Physical attacks on the country's few independent journalists are common, although the political situation has calmed down in the past two years or so.

Eight drunken people burst into the offices of the country's only privately-owned daily, The Solomon Star, in the capital, Honiara, on 24 January 2002 and demanded 1,000 euros from the staff. They said they had been sent by economic reform minister Daniel Fa'afunua and accused the journalists of reporting that he had punched a taxi-driver in Honiara.

The men took the staff, including editor John Lamani, to a warehouse converted into the headquarters of the Malaita Eagle Force (MEF) militia where the minister, also drunk, was waiting. He took the money from the journalists and threatened them with more reprisals if they continued to publish the paper. Savea Sano Malifa, editor of the Samoa Observer and a well known Pacific region journalist, denounced on 23 February the government's failure to arrest the minister and his henchmen.

Foreign minister Alex Bartlett asked the country's journalists on 11 February to be patriotic and not report on the government's internal problems so as not to give the country a bad image and risk scaring away foreign aid.

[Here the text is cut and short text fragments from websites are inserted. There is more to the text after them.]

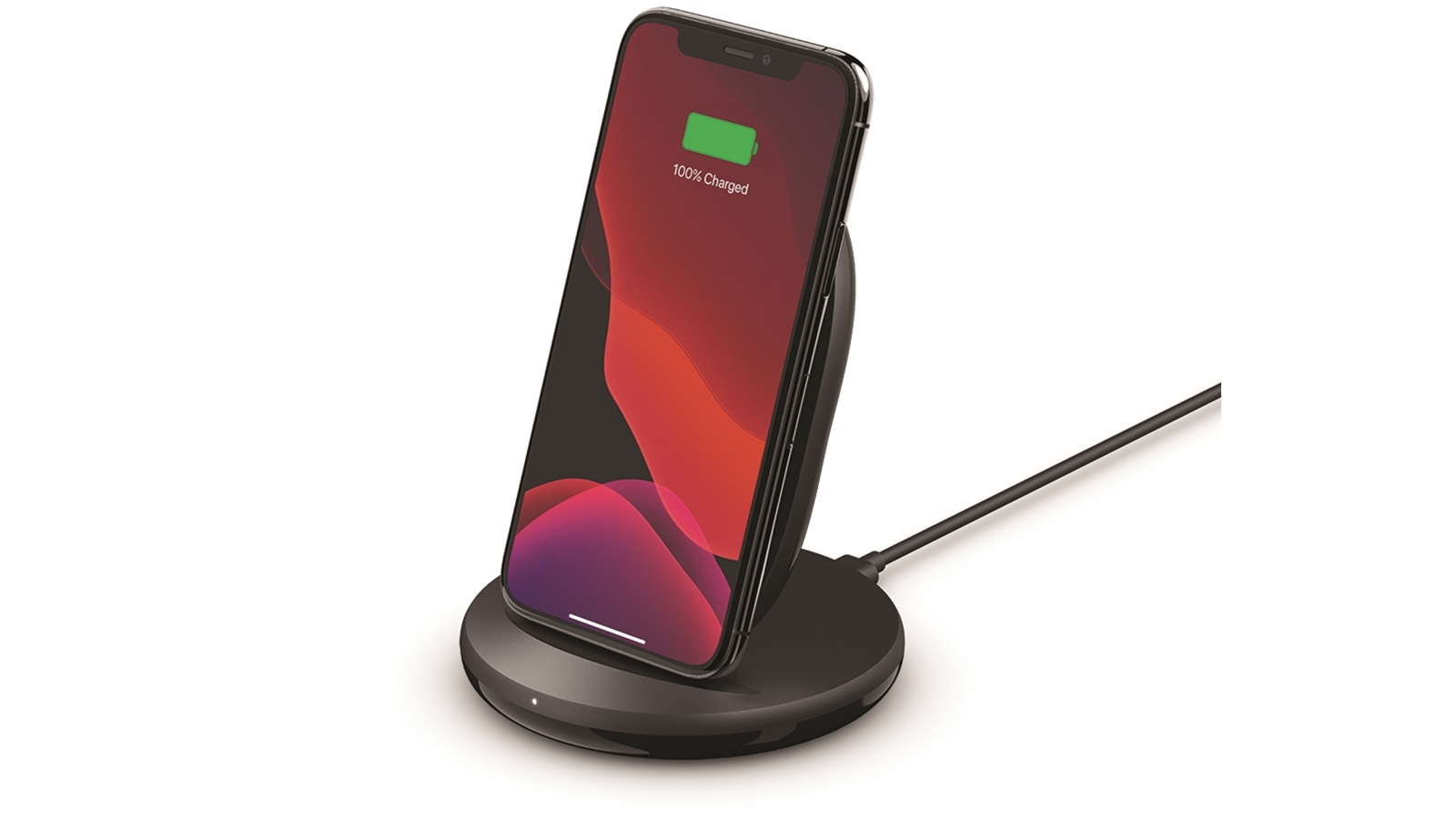 Belkin BoostCharge 15W Wireless Charging Stand Black Harvey Norman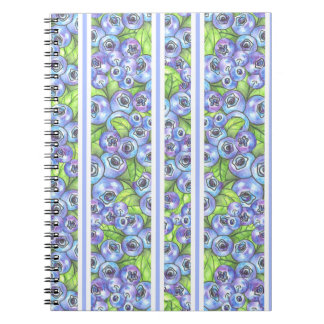 Cuaderno franjas de arándano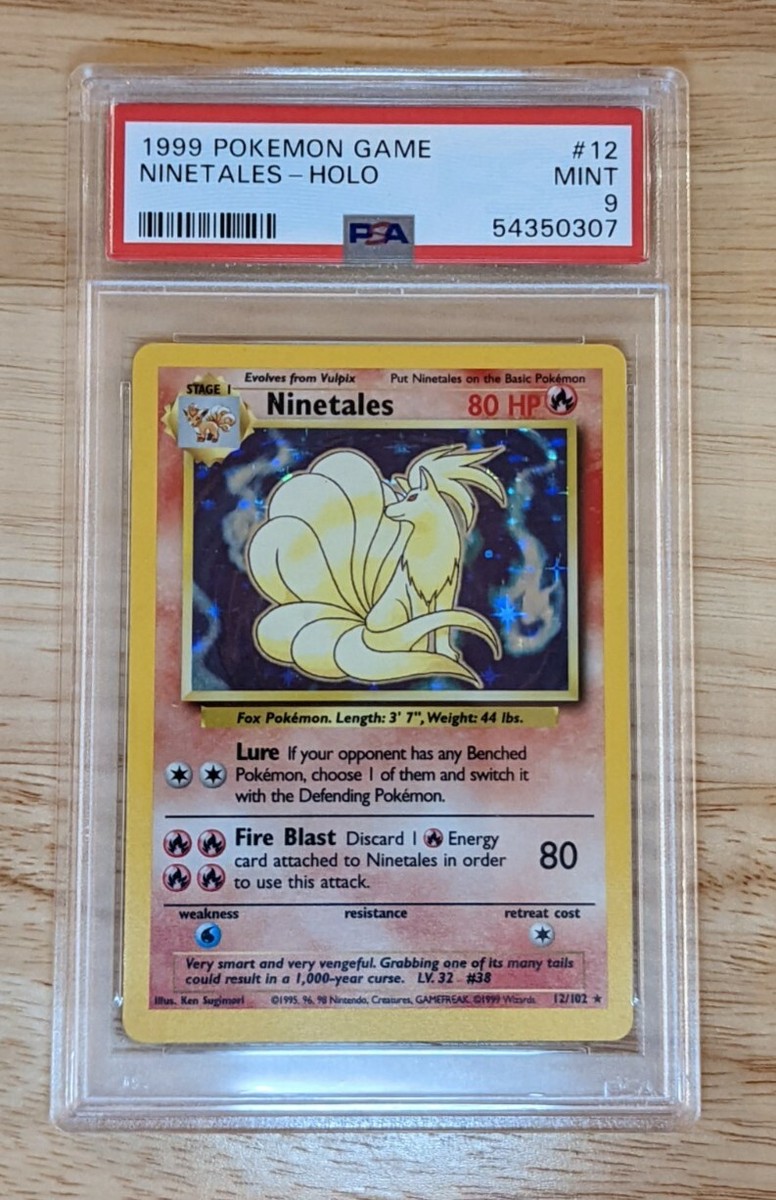 1999 Pokemon Game Base Set Unlimited Ninetales Holo 12/102 PSA 9 Mint | eBay 1999 Pokemon Game Base Set Unlimited Ninetales Holo 12/102 PSA 9 Mint | eBay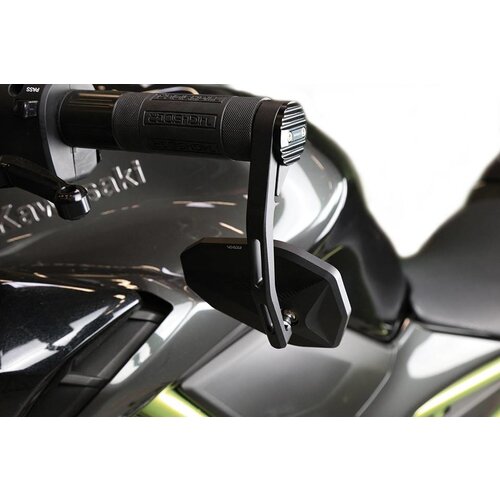 Highsider Rétroviseur noir CNC VICTORY-X pour embout de guidon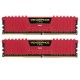 Модуль пам'яті для комп'ютера DDR4 32GB (2x16GB) 2666 MHz Vengeance LPX Red Corsair (CMK32GX4M2A2666C16R)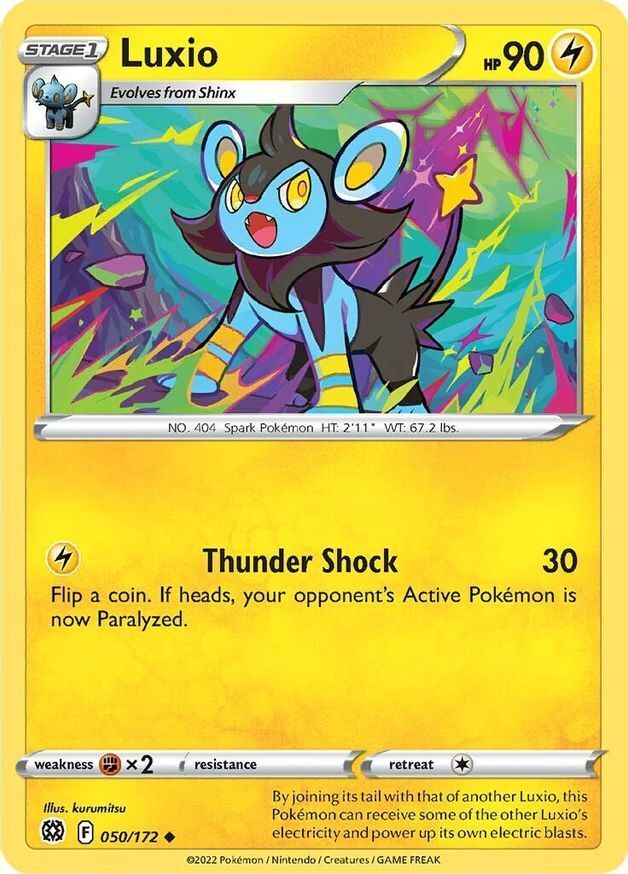 Luxio  50/172 Pokémon TCG Brilliant Stars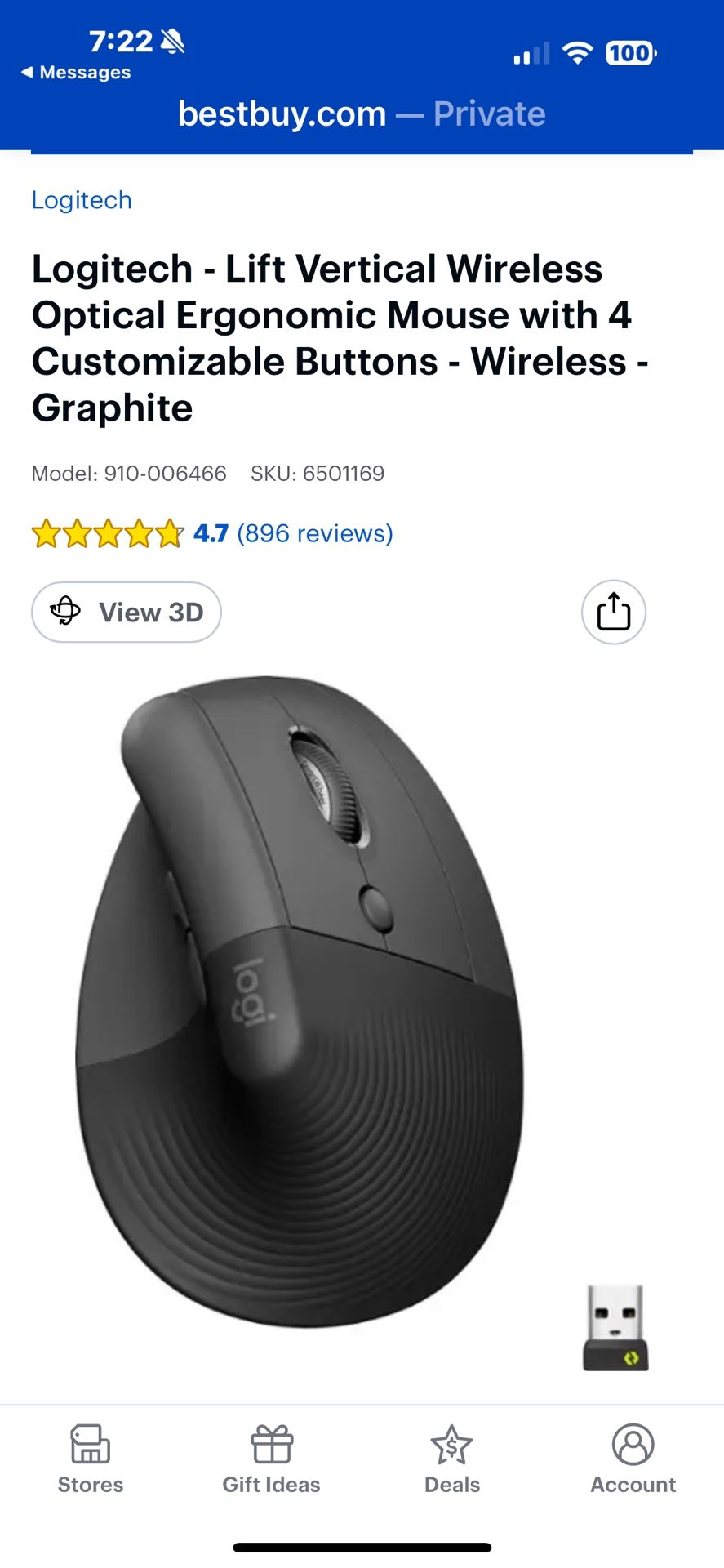 Vertical Mouse Logitech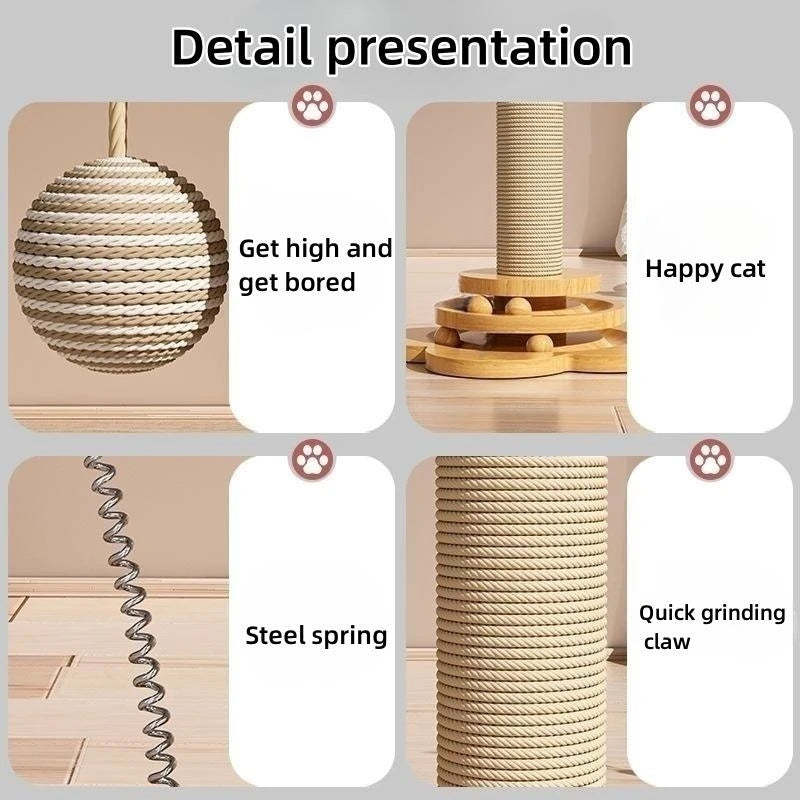 solid wood cat turntable scratching board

A group of people went to the offices in Honiara of the public radio station Solomon Islands Broadcasting Corporation (SIBC) on 26 May, threatened journalists and employees, smashed a glass door and damaged computer equipment. The attack came a few days after the station reported that some paramilitary police had refused to take part in a ceremony at which officers gave up their weapons. All the country's militias were to hand them in before 31May 2003 under a 2001 peace agreement.